Altering a page from another site - javascript

Sorry for the vague question name - didn't know how to phrase it.
I have built a PHP engine to parse web pages and extract phone numbers, addresses etc.
This is going to be used by clients to populate an address book by simply entering a new contacts web address.
The problem I am having is useability:
At the moment the script just adds each item (landline number, fax etc) to a different list box and the user picks the correct one - from a useability standpoint this is hard work (how do you know which is the correct contact number without looking at the site)
so my question (finally!)
How would achieve the functionality of
http://bartaz.github.io/sandbox.js/jquery.highlight.html
On someone else website (I have no problem writing this functionality).
FOR CLARITY**
I want to show someone elses site (their contact page for example) on my site BUT I want to highlight items I have found (so for example add a tag around a phone number my php script has found)
I am aware that to display a website not on your domain an iFrame would be used - but as I need to alter the page content this is useless.
I also contemplated writing a bookmarklet that could be run on that page - but that means re-writing my parsing engine in javascript and exposing some of my tricks to make it accurate.
So I am left with pulling the page by cURL and then trying to match up javascript files, css files etc. that have relative URLs
Does anyone know how best to achieve this - and any pitfalls that might befall me.
I have tried using simple html dom parser - but it is tricky to get consistency and I also dont know how having two sets of tags, body tags etc. would affect sites.
If anyone has managed this before and could point me to the tools / general methods they used I would be eternally grateful!
PLEASE NOTE - I am very proficient with google and stack-overflow and have looked there first!

The ideal HTML solution
The easiest way to work around the relative paths for an arbitrary site would be to use the base href tag to specify the default relative location (just use the url up to the filename, such as <base href="http://www.example.com/path/to/" /> for the URL http://www.example.com/path/to/page.
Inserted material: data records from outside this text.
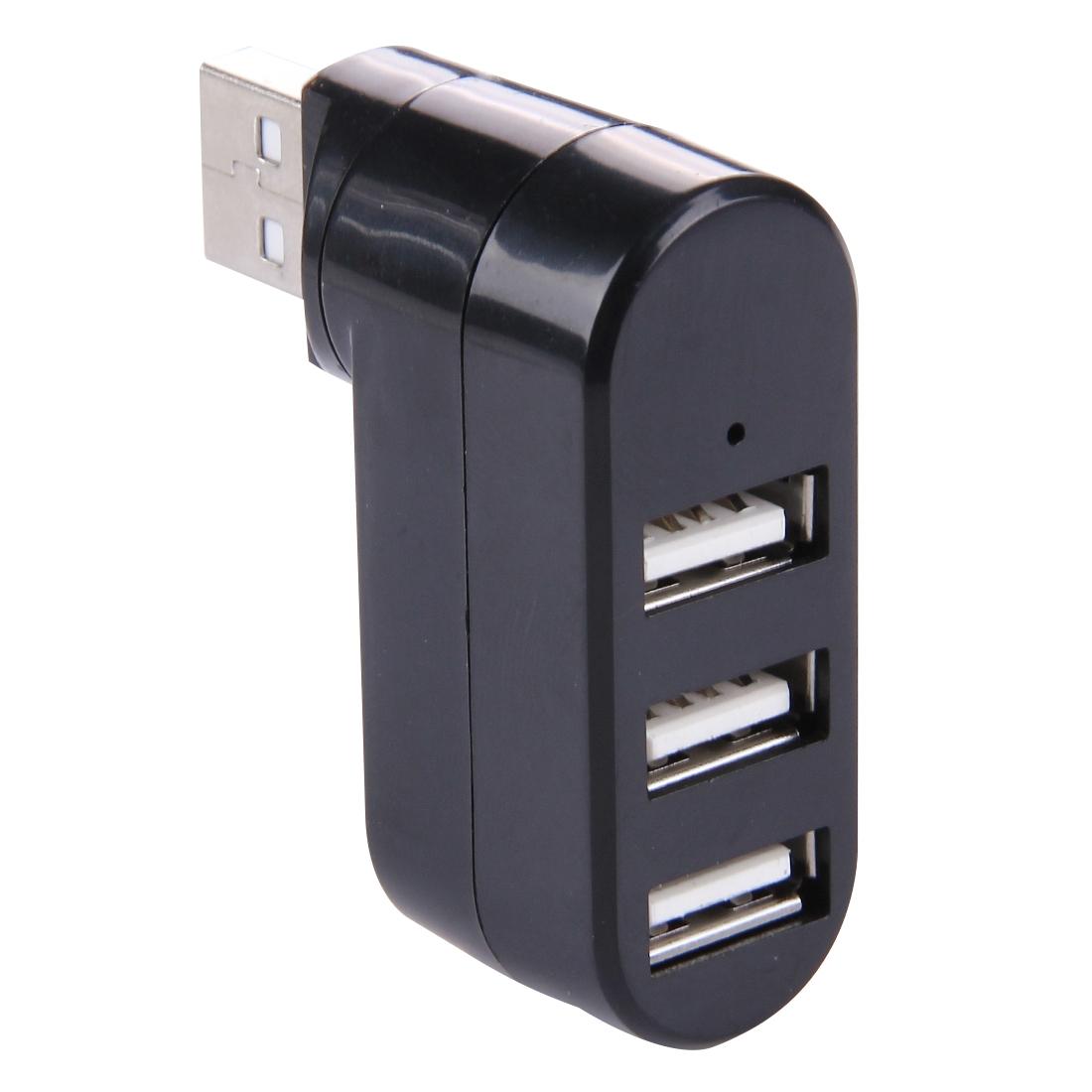 V562-B0102CP-202508292210-00 3-Port Usb 2.0 Hub With 180° Rotation - Black - Image 1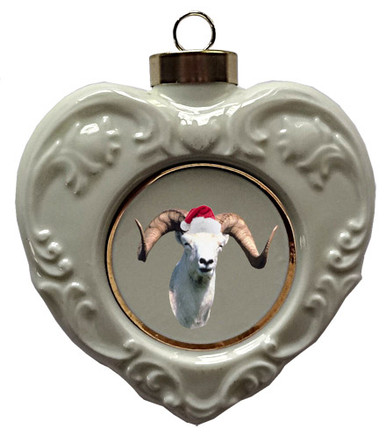 Big Horned Sheep Heart Christmas Ornament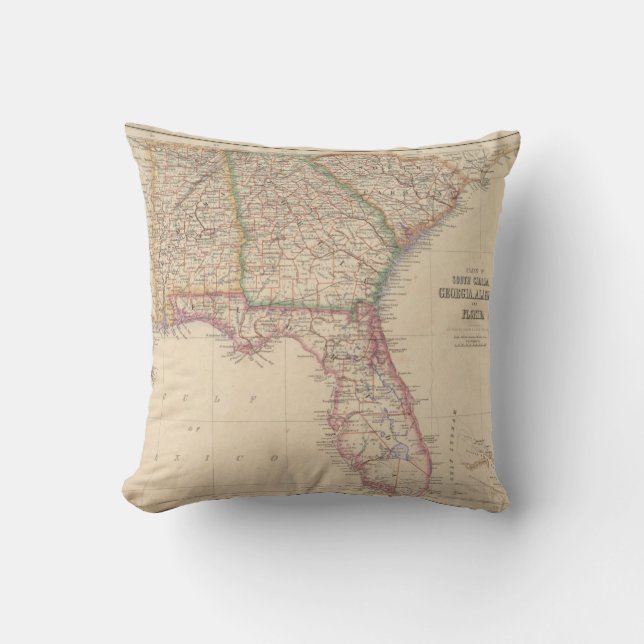 States of South Carolina, Georgia, and Alabama Throw Pillow (Front)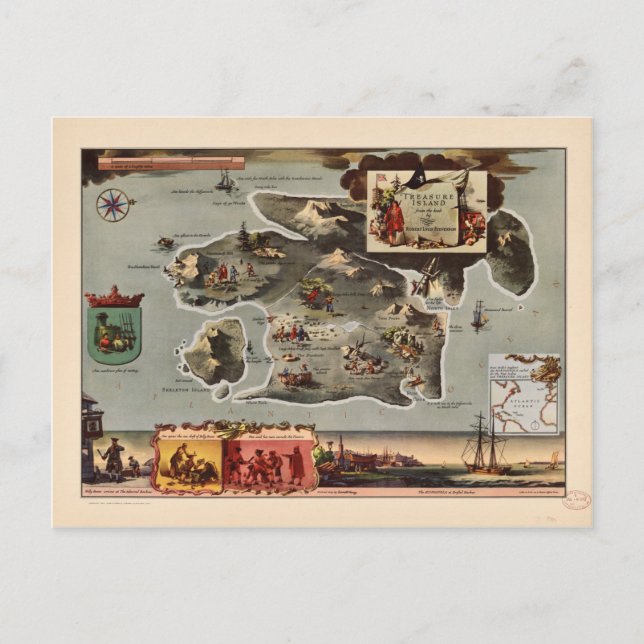 Karte von Treasure Island von Robert Louis Stevens (Vorderseite)
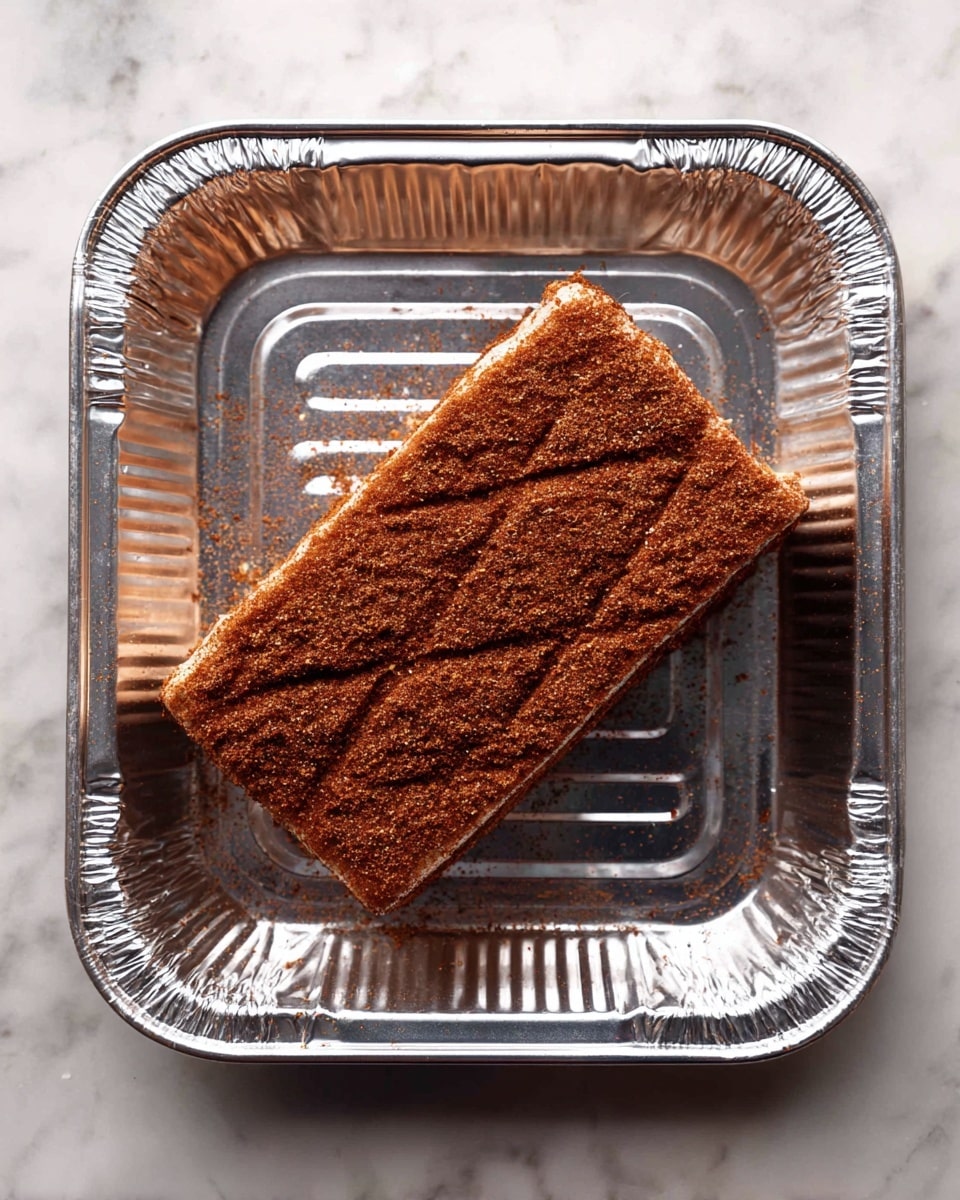A small rectangular piece of raw salmon lies in the center of a silver tray. The salmon is covered fully with a dark reddish brown spice rub, giving it a rough textured look. The top of the salmon is scored with shallow diagonal cuts forming a diamond pattern. The tray is shiny and metallic with ridged sides and rests on a white marbled surface. Photo taken with an iphone --ar 4:5 --v 7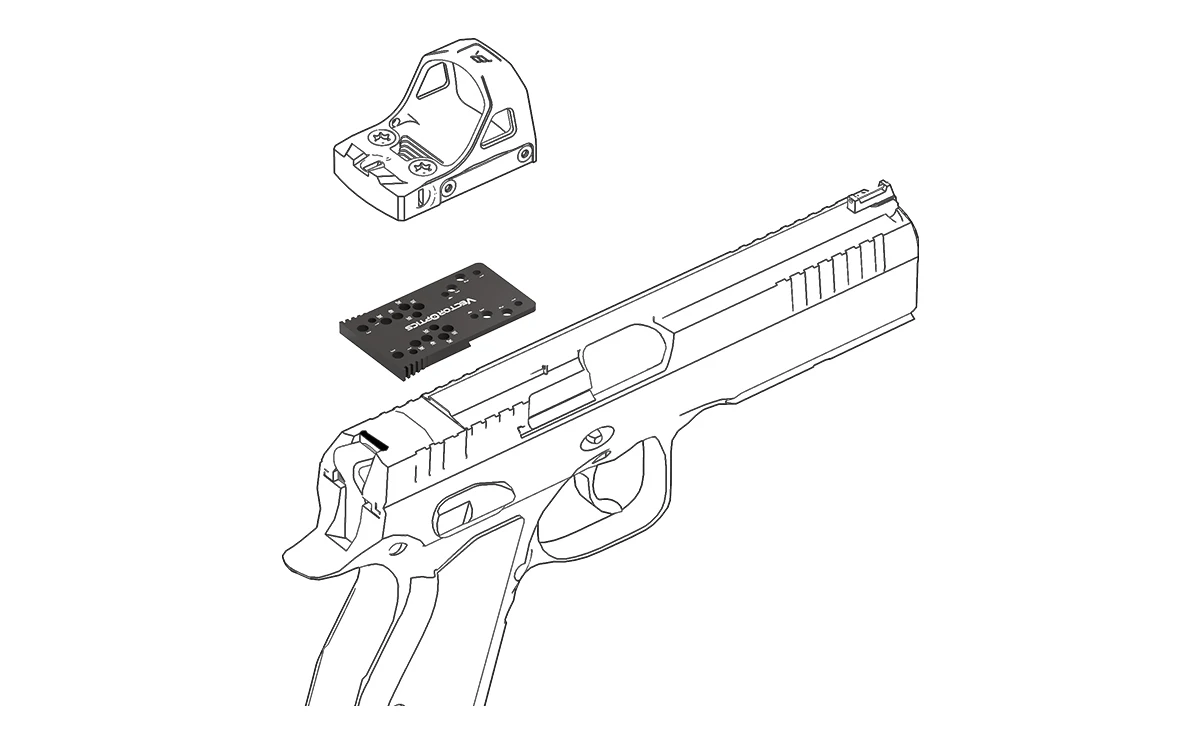 Universeller Red Dot Adapter von Vector Optics Passend für CZ Shadow 2, CZ 75 Shadow, CZ 75 SP-01 Kompatibel mit allen Frenzy MAG/MOJ/TEK/GIN Footprints – Detail 7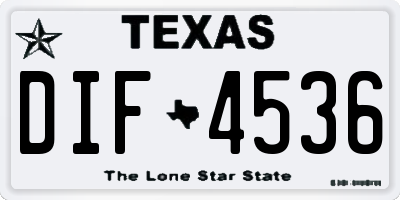 TX license plate DIF4536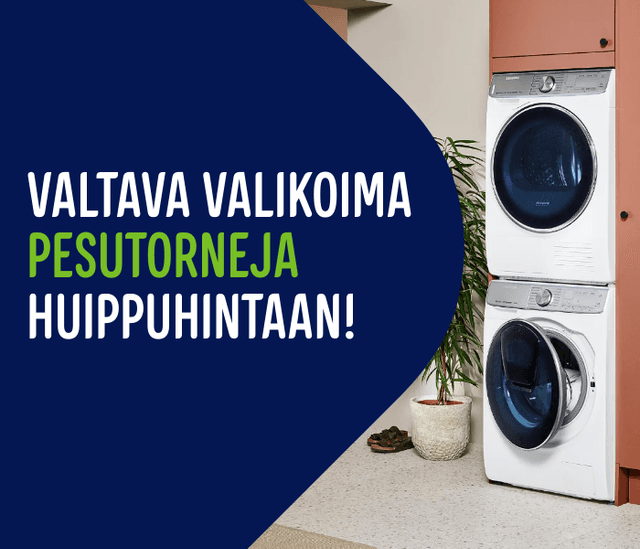 Valtava valikoima pesutorneja huippuhintaan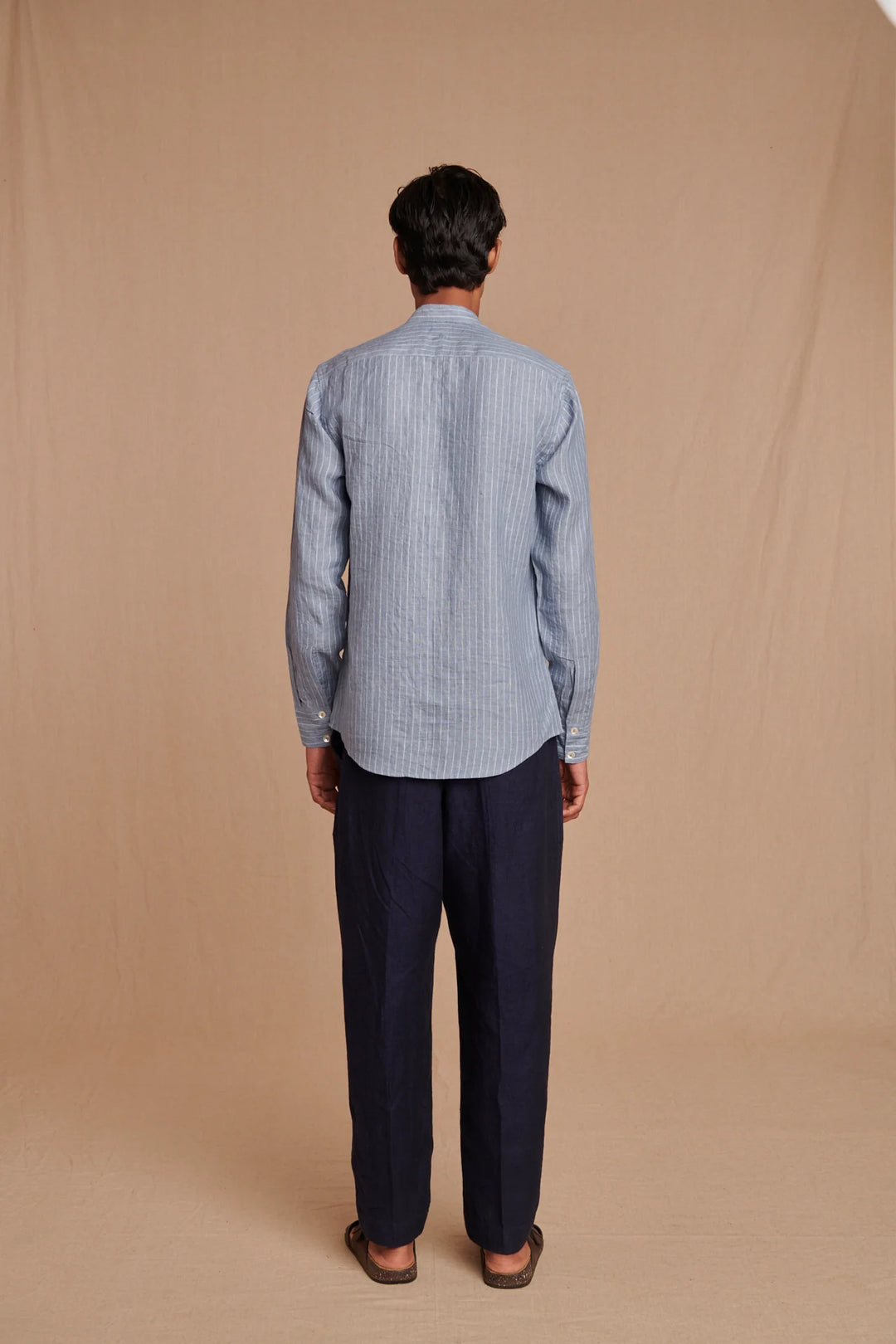 Sky Pinstripe Linen Men&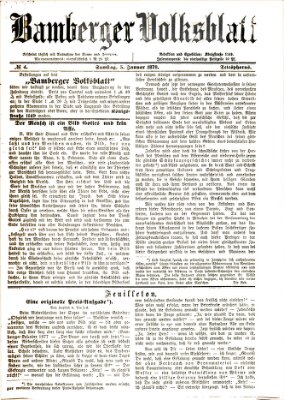 Bamberger Volksblatt Samstag 5. Januar 1878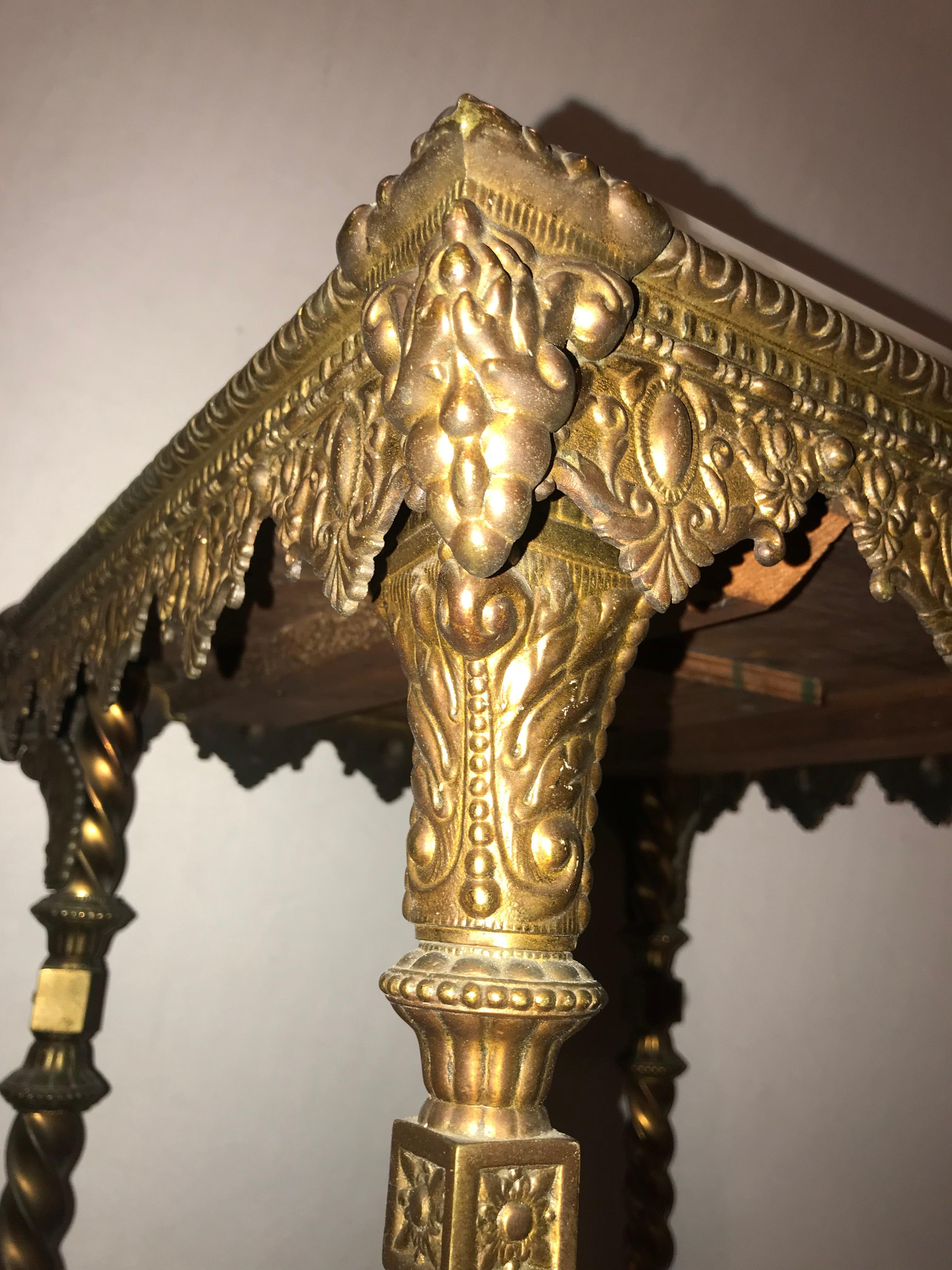 French Two-Tier Bronze and Alabaster Pedestal or End Table 12
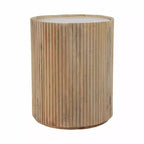 Table d'appoint décorative en bois nervuré avec plateau en marbre et rangement - Petite table d'appoint pour la décoration de la chambre ou du salon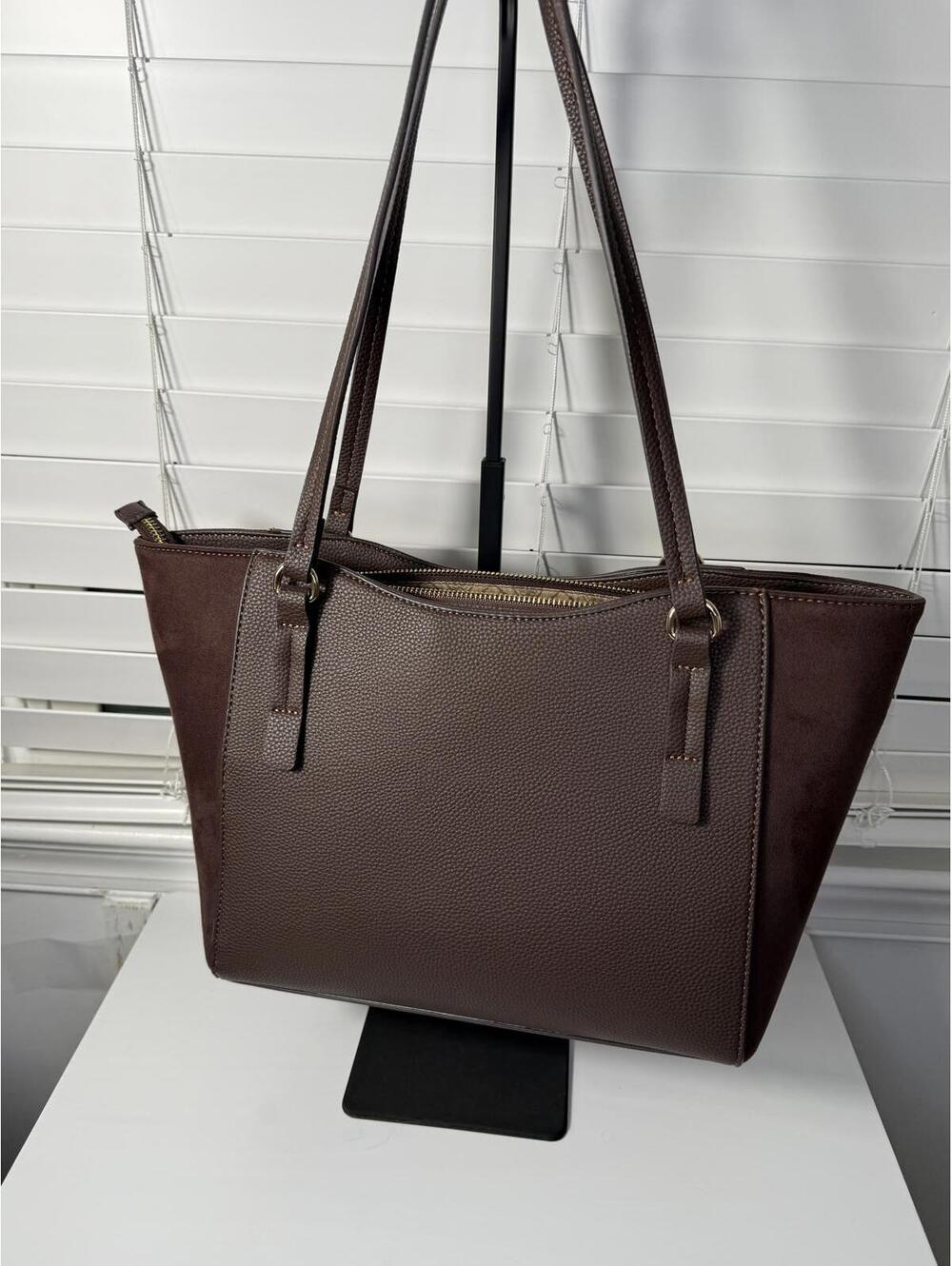 Nanette Lepore Chocolate Brown Pebbled Faux Leather & Suede Tote Bag Charm Chain - Picture 2 of 7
This should go at the top of the head block.
Then you can alter the site simply by finding the relative parts and wrapping them in your own tag, such as a span. For the formatting of these tags, the easiest way would be to add a style attribute, but you could also try to insert a <style> tag in the <head>.
Of course, you'll also need to account for badly made webpages without <html>, <head> or <body> tags. You could either wrap the source in a new set of these tags, or just put in your base and style tags, hoping that the browser will work out what to do.
You probably also want to make this interactive, so you should also wrap them with some kind of link, and ideally you'll insert some javascript to handle their actions by ajax. You should also insert your own header at the top of the page, probably floating at the top, so that they know they're using your tool. Just keep in mind that some advanced pages might then conflict with your alterations (though for those cases you could have a link saying 'is this page not displaying correctly?' to take the user to your original basic listbox page as a backup).
The more robust solution
Clearly there are a lot of potential problems with the above, even though it is ideal. If you want to ensure robustness and avoid any problems with custom javascript and css on the page you're trying to alter, you could instead use a similar algorithm to that used in text based browsers such as lynx to reformat the page consistently. Then you can apply your algorithm to highlight the relevant parts of the page, and you can apply your own formatting as well without risk of it not displaying correctly. This way you can frame it really well and maintain your interface.
The problem with this is that you lose the actual look of the original page, but you should keep the context around the numbers and addresses which is the important thing. You would also then be able to use some dynamic javascript to take the user to each number and address consecutively to improve the user experience. Basically, this is rigorous and gives you complete control over the user experience, but you lose the original look of the website which may or may not confuse your users.
Personally, I'd go for the second option, but I'm not sure if anyone's created such a parser before. If not, the simplest thing you could do would be to strip the tags to get it as plain text. The next simplest would be to convert it into some simple text markup format like markdown, then convert it back into html. That way, you'd keep some basic layout such as headings, italicised and bold text, etc.
You definitely don't want to have nested body tags. It might work, but it'll probably mess up your formatting and be inconsistent across browsers.
Here's a resource I found after a quick Google search:
https://github.com/nickcernis/html-to-markdown
There are other html to markdown scripts, but this was the more robust from the few I found. I'm still not sure though whether it can handle badly formatted pages or ones with advanced formatting, try it out yourself.
There are quite a few markdown to html converters though, in fact you could probably make a custom converter yourself quite easily to accommodate your personal needs.

Related

Should I inject style tags into the head dynamically or include include style tags in the body?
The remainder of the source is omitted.